# Civil Defense crackers!!



## ReconCraftTheta (Jun 30, 2010)

Alright, so, today at an antique store I came across some "Civil Defense all purpose survival crackers". Made in 1965, I believe. Sealed tin, all the fancy stuff. I got home, checked a few forums about them, and, most say they should be alright to eat. Just going to get you guy's opinion here. Yey or ney to eating??? They look fine.


----------



## UncleJoe (Jan 11, 2009)

I don't see why not. The worst they can be is stale.


----------



## jnrdesertrats (Jul 3, 2010)

You could try them out on a sibling:sssh:


----------



## *Andi (Nov 8, 2009)

Man ... how come I never find stuff like this at my antique stores ... ???


----------



## efbjr (Oct 20, 2008)

Got any 1965 peanut butter to go with them?


----------



## ReconCraftTheta (Jun 30, 2010)

Will MRE butter do? hahaha. Danke, guys. Like I say, sealed tin and everything, just as you can see, curiosity lead me to open it. Obviously after that there was a response of: "Well, shit. Now I have to eat them!"


----------



## ReconCraftTheta (Jun 30, 2010)

UncleJoe said:


> I don't see why not.
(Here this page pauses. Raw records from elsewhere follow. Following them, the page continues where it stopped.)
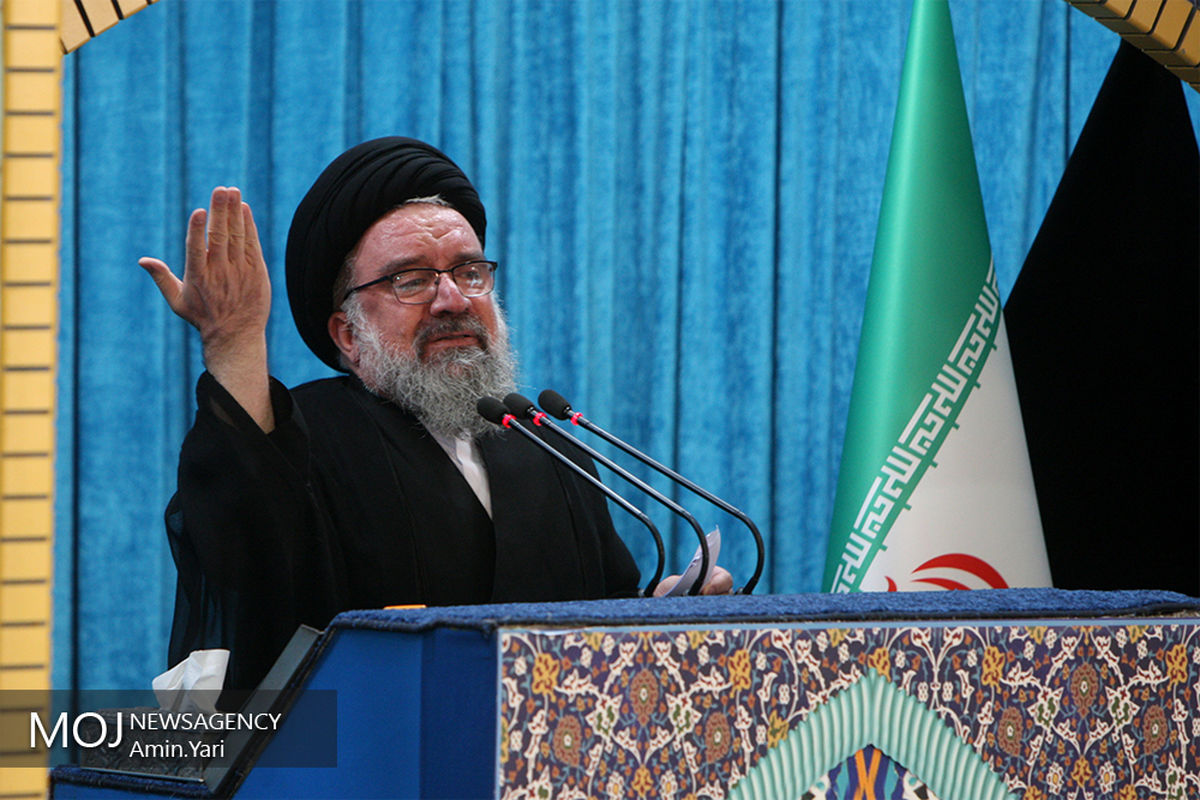 آیت‌ الله احمد خاتمی امام جمعه موقت تهران/نماز جمعه تهران -۲۷ مهر ۱۳۹۷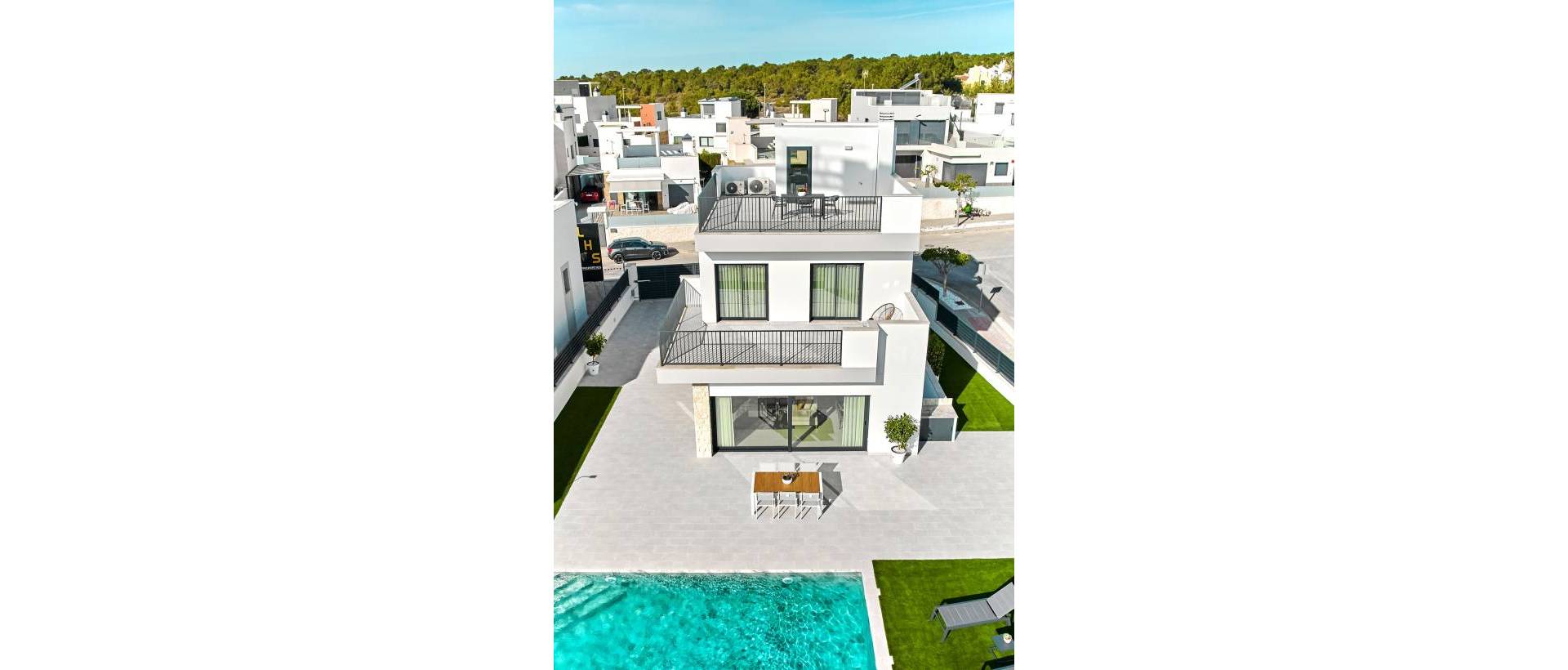 New - Villa - San Miguel de Salinas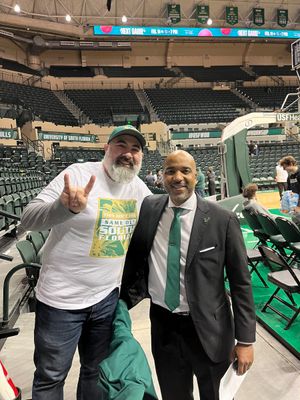 Image post by @USFMBB on Twitter/X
The worst they can be is stale.


To my surprise, upon trying them this morning, they were alright. Still crunchy, but they aren't something I'd eat alone, they need flavor.


----------



## Woody (Nov 11, 2008)

Still better than the alternative!


----------



## ReconCraftTheta (Jun 30, 2010)

*Andi said:


> Man ... how come I never find stuff like this at my antique stores ... ???


Way back, the place I live had a lot of fallout shelters. Binghamton (put 2 and 2 together, haha) was a major steel manufacturer, thusly one of the CCCP's biggest targets on the secondary target list. In my adventures, I've visited one of said shelters.... cold, humid, then hot and humid, all the time dark.


----------



## DJgang (Apr 10, 2011)

I remember eating these as a kid. For some reason my dad had lots of MREs, almost like maybe they were left over from Vietnam days or something...:dunno:

I loved 'em, the peanut butter too! Yum...can you say sticky!


----------



## ReconCraftTheta (Jun 30, 2010)

DJgang said:


> I remember eating these as a kid. For some reason my dad had lots of MREs, almost like maybe they were left over from Vietnam days or something...:dunno:
> 
> I loved 'em, the peanut butter too! Yum...can you say sticky!


Nice! haha. Reenacting gets you used to the German stuff like Hartkek and Knackelbrot. Fun times, fun times.

On a side note, they've been set aside with the rest of my stockpile.


----------